Exercise directions:
In the entries that follow, find every line containing "have" and copy it.

Excerpted data START

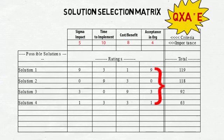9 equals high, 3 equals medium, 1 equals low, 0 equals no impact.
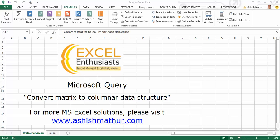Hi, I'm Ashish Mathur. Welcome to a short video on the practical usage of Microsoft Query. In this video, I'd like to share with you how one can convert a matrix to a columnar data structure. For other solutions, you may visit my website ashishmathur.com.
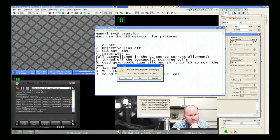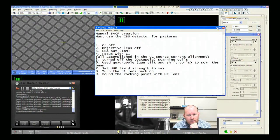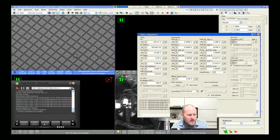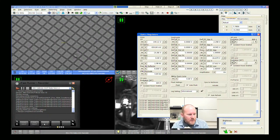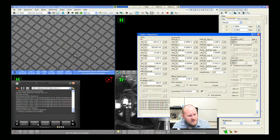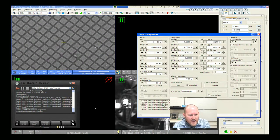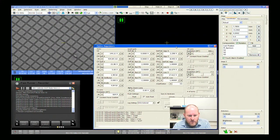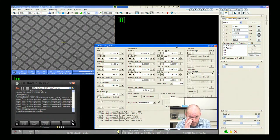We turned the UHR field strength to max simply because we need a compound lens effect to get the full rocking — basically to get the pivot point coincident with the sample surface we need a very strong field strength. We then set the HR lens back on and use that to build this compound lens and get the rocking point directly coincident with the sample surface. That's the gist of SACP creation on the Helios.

Excerpted data END
Excerpted data START

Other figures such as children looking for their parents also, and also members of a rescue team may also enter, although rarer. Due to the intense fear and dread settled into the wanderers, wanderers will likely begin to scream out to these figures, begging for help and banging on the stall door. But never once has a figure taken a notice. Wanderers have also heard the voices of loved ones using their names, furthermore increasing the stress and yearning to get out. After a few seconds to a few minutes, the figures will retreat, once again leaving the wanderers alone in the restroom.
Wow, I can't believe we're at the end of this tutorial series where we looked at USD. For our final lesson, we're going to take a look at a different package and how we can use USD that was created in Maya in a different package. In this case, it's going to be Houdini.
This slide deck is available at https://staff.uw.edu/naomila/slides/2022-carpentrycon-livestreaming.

Excerpted data END
Excerpted data START

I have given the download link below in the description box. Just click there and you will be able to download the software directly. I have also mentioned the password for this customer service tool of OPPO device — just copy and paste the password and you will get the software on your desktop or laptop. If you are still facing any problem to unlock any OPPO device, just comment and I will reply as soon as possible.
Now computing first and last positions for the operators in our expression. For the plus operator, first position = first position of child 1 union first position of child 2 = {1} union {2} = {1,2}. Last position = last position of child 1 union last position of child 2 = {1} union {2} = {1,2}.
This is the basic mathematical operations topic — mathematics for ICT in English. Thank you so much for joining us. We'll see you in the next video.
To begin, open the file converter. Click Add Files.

Excerpted data END

Your solution:
Other figures such as children looking for their parents also, and also members of a rescue team may also enter, although rarer. Due to the intense fear and dread settled into the wanderers, wanderers will likely begin to scream out to these figures, begging for help and banging on the stall door. But never once has a figure taken a notice. Wanderers have also heard the voices of loved ones using their names, furthermore increasing the stress and yearning to get out. After a few seconds to a few minutes, the figures will retreat, once again leaving the wanderers alone in the restroom.
I have given the download link below in the description box. Just click there and you will be able to download the software directly. I have also mentioned the password for this customer service tool of OPPO device — just copy and paste the password and you will get the software on your desktop or laptop. If you are still facing any problem to unlock any OPPO device, just comment and I will reply as soon as possible.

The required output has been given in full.